[
https://issues.apache.org/jira/browse/KAFKA-17871?page=com.atlassian.jira.plugin.system.issuetabpanels:comment-tabpanel&focusedCommentId=17892627#comment-17892627
]
Greg Harris commented on KAFKA-17871:
-------------------------------------
The herder thread should avoid blocking on locks that could be held by the task
indefinitely.
Either the implementation of OffsetStorageReaderImpl should reduce it's
critical sections and hold the lock less, or the cancellation can be changed to
not require the lock, or the cancellation could interrupt the blocked operation.
> Source task source offset reads can block herder task cancellation
> ------------------------------------------------------------------
>
> Key: KAFKA-17871
> URL: https://issues.apache.org/jira/browse/KAFKA-17871
> Project: Kafka
> Issue Type: Bug
> Components: connect
> Affects Versions: 2.5.0
> Reporter: Greg Harris
> Priority: Major
>
> In KAFKA-9051, source task offsets reading was modified to allow for
> in-progress read Futures to be cancelled during task shutdown. The
> OffsetReaderStorageImpl#offsetReadFutures uses explicitly synchronized
> accesses to prevent data races between task cancellation and connectors
> reading offsets.
> A thread executing OffsetReaderStorageImpl#offsets method can lock the Set,
> and then call Producer#flush inside KafkaBasedLog#flush.

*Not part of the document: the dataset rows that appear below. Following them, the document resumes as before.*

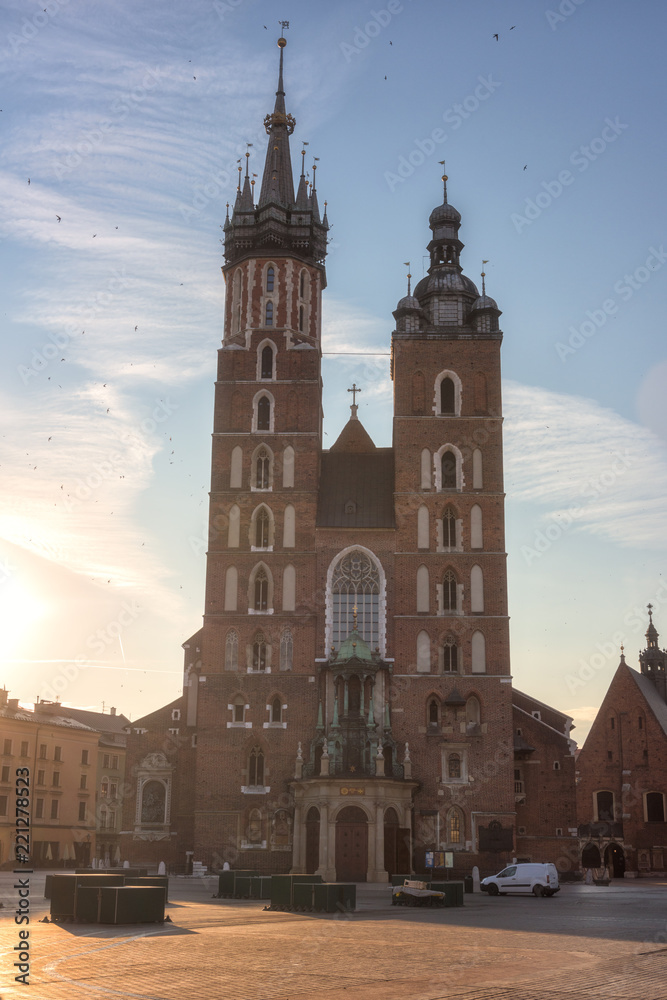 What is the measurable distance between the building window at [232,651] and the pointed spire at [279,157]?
80.8ft

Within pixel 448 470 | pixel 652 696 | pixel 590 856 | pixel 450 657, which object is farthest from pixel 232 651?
pixel 652 696

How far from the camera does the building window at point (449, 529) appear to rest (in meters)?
54.7

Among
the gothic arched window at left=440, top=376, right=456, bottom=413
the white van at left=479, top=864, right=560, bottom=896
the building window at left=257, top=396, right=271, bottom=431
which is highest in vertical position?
the gothic arched window at left=440, top=376, right=456, bottom=413

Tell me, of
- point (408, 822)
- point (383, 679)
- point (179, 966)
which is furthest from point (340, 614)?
point (179, 966)

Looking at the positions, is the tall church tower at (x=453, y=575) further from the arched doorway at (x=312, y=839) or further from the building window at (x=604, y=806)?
the building window at (x=604, y=806)

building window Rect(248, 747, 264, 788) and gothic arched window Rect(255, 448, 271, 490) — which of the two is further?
gothic arched window Rect(255, 448, 271, 490)

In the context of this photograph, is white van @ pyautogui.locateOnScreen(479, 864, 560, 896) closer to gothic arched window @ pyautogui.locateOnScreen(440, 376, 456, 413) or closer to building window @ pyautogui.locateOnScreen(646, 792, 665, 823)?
gothic arched window @ pyautogui.locateOnScreen(440, 376, 456, 413)

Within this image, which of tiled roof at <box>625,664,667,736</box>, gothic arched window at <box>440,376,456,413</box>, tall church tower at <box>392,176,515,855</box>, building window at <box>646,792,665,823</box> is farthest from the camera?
tiled roof at <box>625,664,667,736</box>

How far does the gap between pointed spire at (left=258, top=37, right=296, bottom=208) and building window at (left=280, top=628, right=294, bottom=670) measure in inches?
969

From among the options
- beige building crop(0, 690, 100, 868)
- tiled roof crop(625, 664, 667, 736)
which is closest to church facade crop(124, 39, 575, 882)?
beige building crop(0, 690, 100, 868)

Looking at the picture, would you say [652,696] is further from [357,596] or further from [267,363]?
[267,363]

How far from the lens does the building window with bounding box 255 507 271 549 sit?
54844 mm

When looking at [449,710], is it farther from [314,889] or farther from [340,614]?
[314,889]

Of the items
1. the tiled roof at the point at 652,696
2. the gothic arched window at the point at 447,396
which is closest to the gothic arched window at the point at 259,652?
the gothic arched window at the point at 447,396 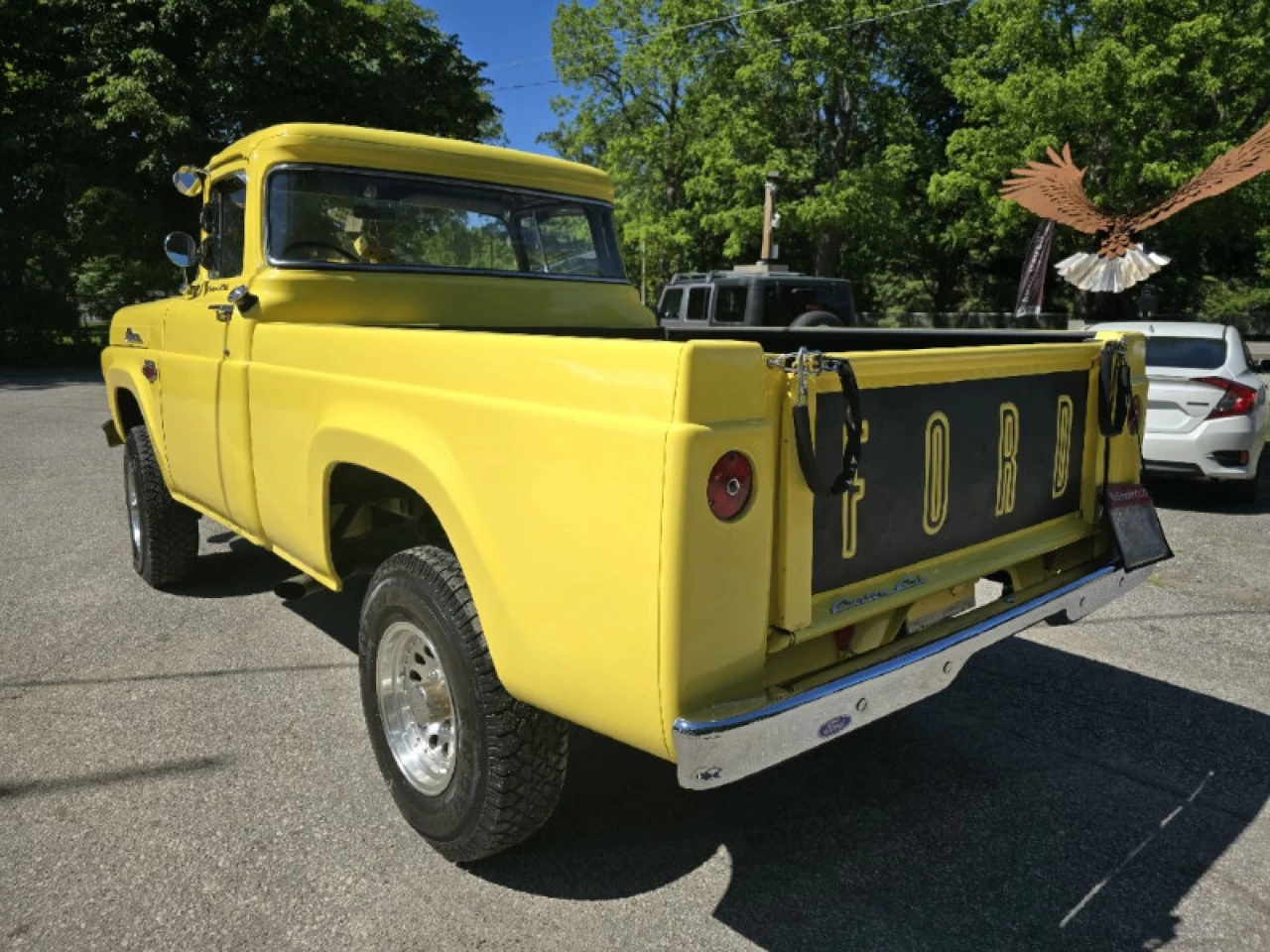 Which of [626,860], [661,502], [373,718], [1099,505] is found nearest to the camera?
[661,502]

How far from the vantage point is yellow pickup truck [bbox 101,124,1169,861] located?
6.59ft

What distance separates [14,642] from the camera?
442 cm

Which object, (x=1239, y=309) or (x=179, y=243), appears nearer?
(x=179, y=243)

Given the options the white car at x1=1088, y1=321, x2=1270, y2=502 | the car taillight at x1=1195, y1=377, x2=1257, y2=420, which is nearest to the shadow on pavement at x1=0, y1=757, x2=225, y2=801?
the white car at x1=1088, y1=321, x2=1270, y2=502

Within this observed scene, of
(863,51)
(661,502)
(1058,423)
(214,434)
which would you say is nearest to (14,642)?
(214,434)

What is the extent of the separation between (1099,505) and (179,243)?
427cm

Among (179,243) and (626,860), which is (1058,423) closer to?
(626,860)

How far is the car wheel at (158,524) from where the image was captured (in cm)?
498

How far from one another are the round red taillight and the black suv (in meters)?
11.0

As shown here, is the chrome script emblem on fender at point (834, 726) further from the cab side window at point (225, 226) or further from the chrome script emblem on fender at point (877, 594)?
the cab side window at point (225, 226)

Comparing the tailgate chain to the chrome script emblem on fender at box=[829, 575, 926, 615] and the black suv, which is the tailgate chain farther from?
the black suv

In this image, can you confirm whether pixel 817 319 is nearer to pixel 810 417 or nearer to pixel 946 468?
pixel 946 468

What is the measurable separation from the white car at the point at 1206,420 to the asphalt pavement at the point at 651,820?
3.33 meters

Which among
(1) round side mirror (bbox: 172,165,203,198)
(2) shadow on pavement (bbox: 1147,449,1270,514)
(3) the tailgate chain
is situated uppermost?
(1) round side mirror (bbox: 172,165,203,198) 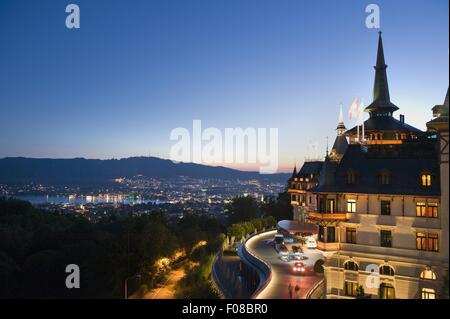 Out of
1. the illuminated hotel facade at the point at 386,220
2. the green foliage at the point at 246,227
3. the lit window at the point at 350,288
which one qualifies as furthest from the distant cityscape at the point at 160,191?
the lit window at the point at 350,288

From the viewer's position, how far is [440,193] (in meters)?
23.4

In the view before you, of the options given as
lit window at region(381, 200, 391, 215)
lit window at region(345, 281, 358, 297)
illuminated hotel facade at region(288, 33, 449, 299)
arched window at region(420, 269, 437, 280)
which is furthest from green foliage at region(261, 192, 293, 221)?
arched window at region(420, 269, 437, 280)

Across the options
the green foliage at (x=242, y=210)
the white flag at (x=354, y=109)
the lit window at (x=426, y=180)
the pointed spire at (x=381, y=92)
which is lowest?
the green foliage at (x=242, y=210)

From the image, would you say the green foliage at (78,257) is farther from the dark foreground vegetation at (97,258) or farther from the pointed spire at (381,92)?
the pointed spire at (381,92)

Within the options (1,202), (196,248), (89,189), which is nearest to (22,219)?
(1,202)

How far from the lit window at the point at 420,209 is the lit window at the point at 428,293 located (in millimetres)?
4638

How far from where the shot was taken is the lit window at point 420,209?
24.2 metres

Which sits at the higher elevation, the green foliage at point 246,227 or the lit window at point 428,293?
the lit window at point 428,293

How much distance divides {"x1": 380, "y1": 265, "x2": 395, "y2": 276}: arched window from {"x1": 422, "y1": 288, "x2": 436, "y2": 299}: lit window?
2.03 m

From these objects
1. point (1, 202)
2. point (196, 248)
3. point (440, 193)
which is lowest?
point (196, 248)

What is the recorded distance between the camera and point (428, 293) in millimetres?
23641

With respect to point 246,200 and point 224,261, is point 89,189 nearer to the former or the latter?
point 246,200

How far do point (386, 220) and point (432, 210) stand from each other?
9.43 ft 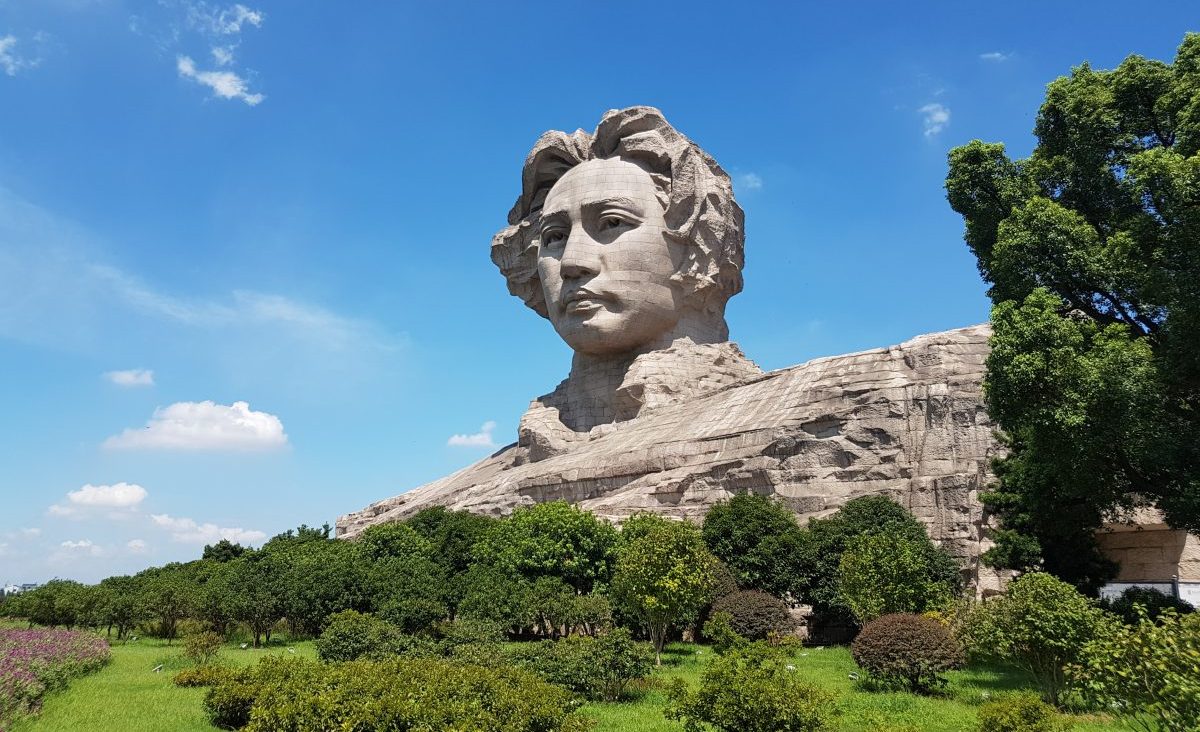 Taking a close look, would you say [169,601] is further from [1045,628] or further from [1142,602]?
[1142,602]

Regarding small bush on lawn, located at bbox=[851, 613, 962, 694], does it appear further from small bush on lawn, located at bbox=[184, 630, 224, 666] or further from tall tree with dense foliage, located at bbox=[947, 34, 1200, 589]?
small bush on lawn, located at bbox=[184, 630, 224, 666]

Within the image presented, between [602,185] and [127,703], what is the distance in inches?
714

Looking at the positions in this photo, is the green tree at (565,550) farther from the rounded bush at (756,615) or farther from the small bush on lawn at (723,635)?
the small bush on lawn at (723,635)

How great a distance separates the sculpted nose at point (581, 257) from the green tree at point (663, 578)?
1267 centimetres

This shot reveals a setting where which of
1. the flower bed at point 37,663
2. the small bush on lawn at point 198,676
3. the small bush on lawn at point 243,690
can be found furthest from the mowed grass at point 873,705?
the flower bed at point 37,663

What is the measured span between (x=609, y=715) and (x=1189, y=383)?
7838 millimetres

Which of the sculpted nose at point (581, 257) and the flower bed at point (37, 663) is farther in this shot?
the sculpted nose at point (581, 257)

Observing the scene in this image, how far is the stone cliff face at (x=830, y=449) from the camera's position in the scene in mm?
14281

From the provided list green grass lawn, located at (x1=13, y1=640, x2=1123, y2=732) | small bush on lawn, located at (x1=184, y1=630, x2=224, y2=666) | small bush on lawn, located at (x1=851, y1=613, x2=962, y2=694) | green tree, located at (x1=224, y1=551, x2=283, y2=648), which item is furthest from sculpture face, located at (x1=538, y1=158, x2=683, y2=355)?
small bush on lawn, located at (x1=851, y1=613, x2=962, y2=694)

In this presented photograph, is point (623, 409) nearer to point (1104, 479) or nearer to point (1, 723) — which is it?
point (1104, 479)

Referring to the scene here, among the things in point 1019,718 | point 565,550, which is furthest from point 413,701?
point 565,550

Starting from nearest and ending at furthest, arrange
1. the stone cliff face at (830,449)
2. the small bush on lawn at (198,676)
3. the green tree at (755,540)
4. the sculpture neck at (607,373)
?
the small bush on lawn at (198,676), the stone cliff face at (830,449), the green tree at (755,540), the sculpture neck at (607,373)

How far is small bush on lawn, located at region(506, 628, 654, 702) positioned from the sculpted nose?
596 inches

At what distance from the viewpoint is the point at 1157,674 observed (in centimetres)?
546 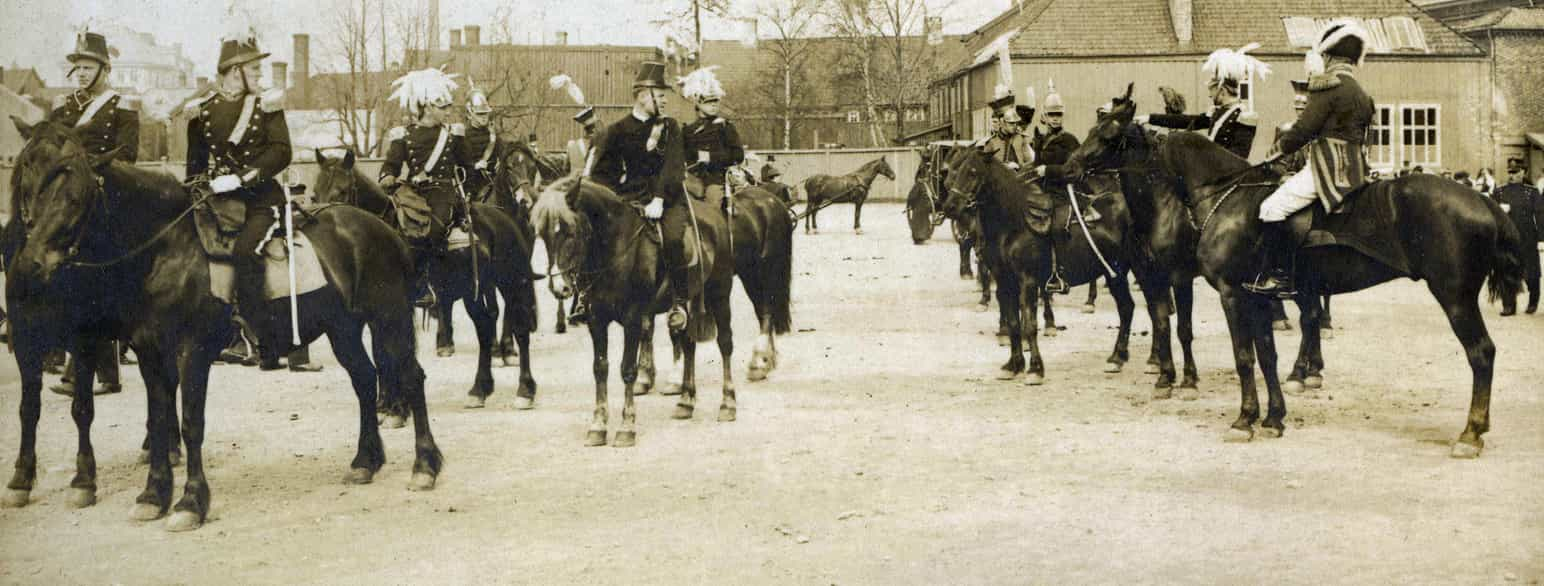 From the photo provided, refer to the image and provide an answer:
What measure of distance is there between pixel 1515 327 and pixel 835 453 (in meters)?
10.1

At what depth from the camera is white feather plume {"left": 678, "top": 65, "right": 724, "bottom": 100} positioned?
41.7 ft

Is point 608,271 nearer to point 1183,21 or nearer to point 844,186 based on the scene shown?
point 844,186

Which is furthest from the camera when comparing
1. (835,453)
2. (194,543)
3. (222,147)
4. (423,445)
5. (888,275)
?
(888,275)

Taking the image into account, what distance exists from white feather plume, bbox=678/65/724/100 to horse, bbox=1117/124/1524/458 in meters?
3.94

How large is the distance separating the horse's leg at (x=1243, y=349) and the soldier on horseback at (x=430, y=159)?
6.74 meters

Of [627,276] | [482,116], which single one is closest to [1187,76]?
[482,116]

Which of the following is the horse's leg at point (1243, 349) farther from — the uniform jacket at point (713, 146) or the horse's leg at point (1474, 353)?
the uniform jacket at point (713, 146)

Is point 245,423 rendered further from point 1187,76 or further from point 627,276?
point 1187,76

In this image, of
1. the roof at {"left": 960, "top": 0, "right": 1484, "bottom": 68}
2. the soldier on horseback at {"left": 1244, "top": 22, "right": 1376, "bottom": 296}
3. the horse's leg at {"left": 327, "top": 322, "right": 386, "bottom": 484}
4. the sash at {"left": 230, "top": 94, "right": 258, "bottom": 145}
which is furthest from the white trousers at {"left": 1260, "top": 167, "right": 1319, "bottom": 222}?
the roof at {"left": 960, "top": 0, "right": 1484, "bottom": 68}

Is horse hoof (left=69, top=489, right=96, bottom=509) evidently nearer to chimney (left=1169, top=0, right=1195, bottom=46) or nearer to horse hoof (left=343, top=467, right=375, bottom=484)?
horse hoof (left=343, top=467, right=375, bottom=484)

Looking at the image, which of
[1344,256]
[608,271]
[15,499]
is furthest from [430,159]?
[1344,256]

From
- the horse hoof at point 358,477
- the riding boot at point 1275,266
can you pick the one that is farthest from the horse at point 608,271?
the riding boot at point 1275,266

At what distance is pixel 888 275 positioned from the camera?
1011 inches

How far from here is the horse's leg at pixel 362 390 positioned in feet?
30.7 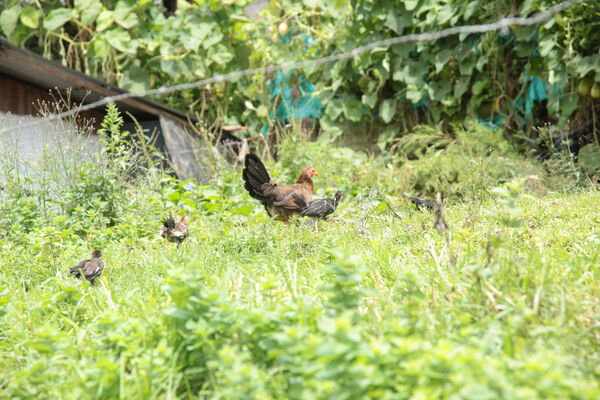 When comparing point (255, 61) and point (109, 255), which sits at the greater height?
point (255, 61)

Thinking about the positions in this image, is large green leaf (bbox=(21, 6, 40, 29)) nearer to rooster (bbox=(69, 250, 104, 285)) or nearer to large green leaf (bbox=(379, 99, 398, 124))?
large green leaf (bbox=(379, 99, 398, 124))

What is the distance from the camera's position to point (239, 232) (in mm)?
3766

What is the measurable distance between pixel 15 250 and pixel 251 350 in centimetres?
259

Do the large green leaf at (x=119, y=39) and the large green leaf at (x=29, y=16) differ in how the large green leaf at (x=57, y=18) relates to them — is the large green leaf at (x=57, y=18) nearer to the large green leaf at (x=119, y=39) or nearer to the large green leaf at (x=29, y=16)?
the large green leaf at (x=29, y=16)

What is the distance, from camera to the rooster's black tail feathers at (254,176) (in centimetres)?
400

> At the same time, the herder thread may try to shut down the task, time out,
> and call AbstractWorkerSourceTask#cancel. This cancellation attempts to lock
> the Set again, and must wait for the Producer#flush to complete. If the
> task's producer is unhealthy, this can block the herder thread indefinitely.
> See the following stacktraces:
> {noformat}
> java.lang.Thread.State: BLOCKED (on object monitor)
> at
> org.apache.kafka.connect.storage.OffsetStorageReaderImpl.close(OffsetStorageReaderImpl.java:148)
> - waiting to lock <0x00000006e6ce0748> (a java.util.HashSet)
> at
> org.apache.kafka.connect.runtime.AbstractWorkerSourceTask.cancel(AbstractWorkerSourceTask.java:288)
> at
> org.apache.kafka.connect.runtime.Worker.awaitStopTask(Worker.java:1036)
> at
> org.apache.kafka.connect.runtime.Worker.awaitStopTasks(Worker.java:1054)
> at
> org.apache.kafka.connect.runtime.Worker.stopAndAwaitTask(Worker.java:1082)
> at
> org.apache.kafka.connect.runtime.distributed.DistributedHerder.lambda$restartTask$23(DistributedHerder.java:1369)
> at
> org.apache.kafka.connect.runtime.distributed.DistributedHerder$$Lambda$1647/0x00007f3d01941b28.call(Unknown
> Source)
> at
> org.apache.kafka.connect.runtime.distributed.DistributedHerder.runRequest(DistributedHerder.java:2240)
> at
> org.apache.kafka.connect.runtime.distributed.DistributedHerder.tick(DistributedHerder.java:470)
> at
> org.apache.kafka.connect.runtime.distributed.DistributedHerder.run(DistributedHerder.java:371)
> at
> java.util.concurrent.Executors$RunnableAdapter.call([email protected]/Executors.java:539)
> at
> java.util.concurrent.FutureTask.run([email protected]/FutureTask.java:264)
> at
> java.util.concurrent.ThreadPoolExecutor.runWorker([email protected]/ThreadPoolExecutor.java:1136)
> at
> java.util.concurrent.ThreadPoolExecutor$Worker.run([email protected]/ThreadPoolExecutor.java:635)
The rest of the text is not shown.